| Your objective |
What is needed is an exact copy of the lines in the entries below from the one holding "Виола Виттрока Кьянти" through the one holding "Berry ??? 3 thumbnail", pictures excluded.

| Records supplied |
------------------------------------------------------------------------

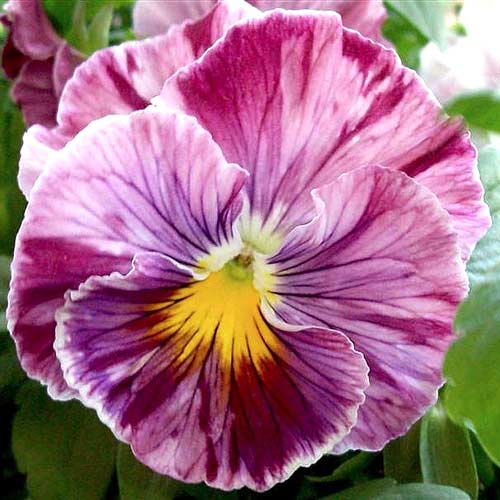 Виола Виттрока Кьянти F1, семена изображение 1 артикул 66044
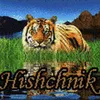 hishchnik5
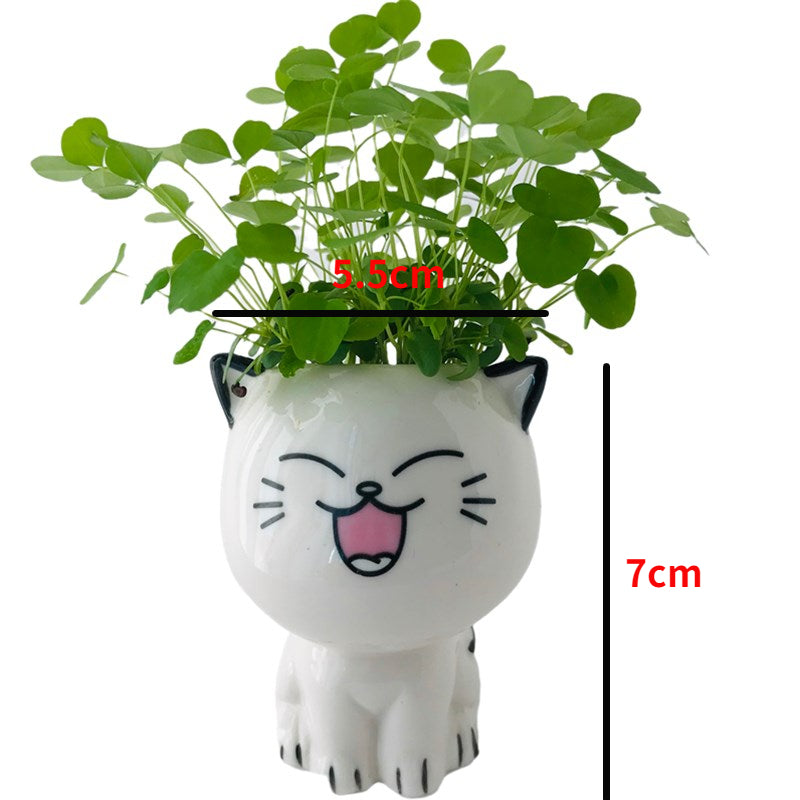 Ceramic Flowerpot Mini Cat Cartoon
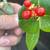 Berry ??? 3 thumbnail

------------------------------------------------------------------------

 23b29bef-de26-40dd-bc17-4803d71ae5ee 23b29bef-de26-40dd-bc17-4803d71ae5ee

------------------------------------------------------------------------

| Answer section |
 Виола Виттрока Кьянти F1, семена изображение 1 артикул 66044
 hishchnik5
 Ceramic Flowerpot Mini Cat Cartoon
 Berry ??? 3 thumbnail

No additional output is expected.